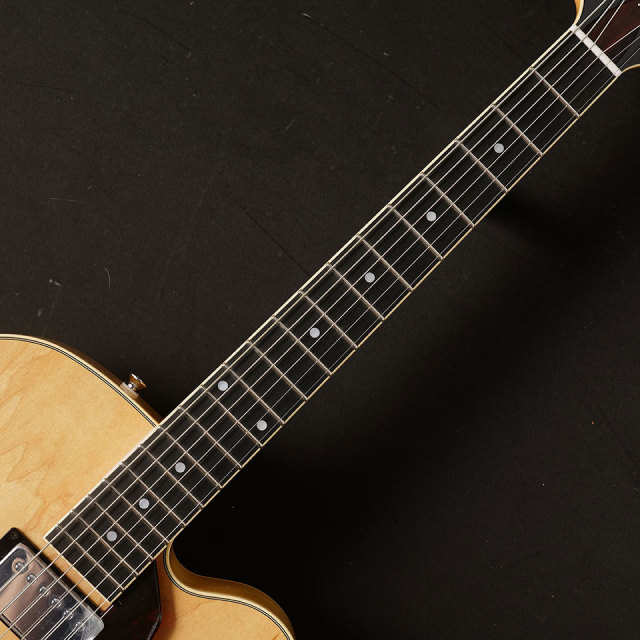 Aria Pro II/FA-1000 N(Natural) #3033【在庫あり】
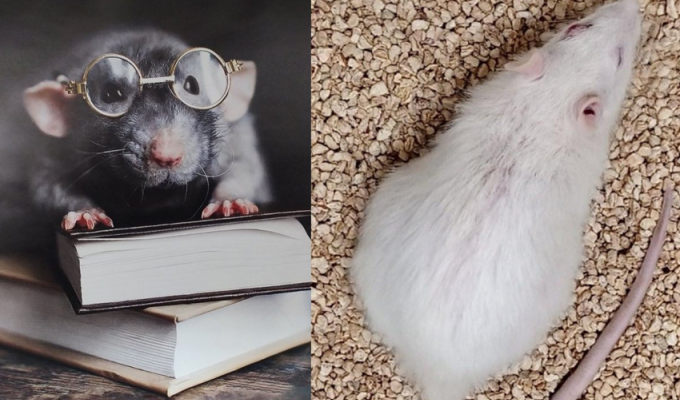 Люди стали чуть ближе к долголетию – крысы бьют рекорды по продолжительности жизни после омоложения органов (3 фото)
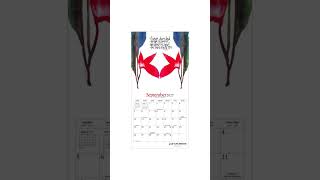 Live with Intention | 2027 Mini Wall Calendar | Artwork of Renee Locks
==
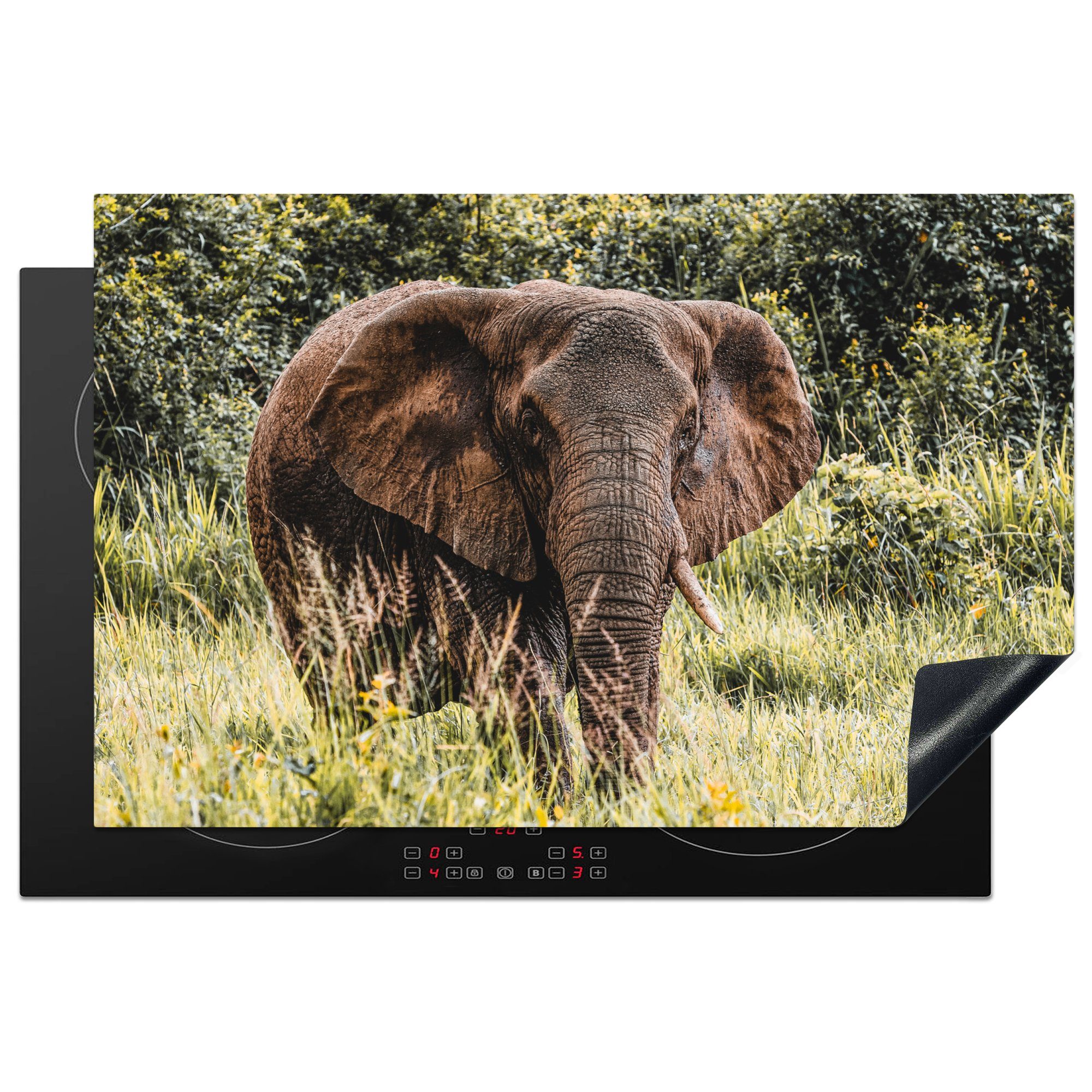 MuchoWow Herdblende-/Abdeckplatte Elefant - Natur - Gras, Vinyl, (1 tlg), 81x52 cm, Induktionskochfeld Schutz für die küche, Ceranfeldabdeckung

EXERCISE PROMPT >> Within the material above, only the stretch from the line holding "Aria Pro II/FA-1000 N(Natural) #3033【在庫あり】" through the line holding "Live with Intention" is to be restated exactly. Pictures are dropped.

SOLUTION >>
 Aria Pro II/FA-1000 N(Natural) #3033【在庫あり】
 Люди стали чуть ближе к долголетию – крысы бьют рекорды по продолжительности жизни после омоложения органов (3 фото)
 Live with Intention | 2027 Mini Wall Calendar | Artwork of Renee Locks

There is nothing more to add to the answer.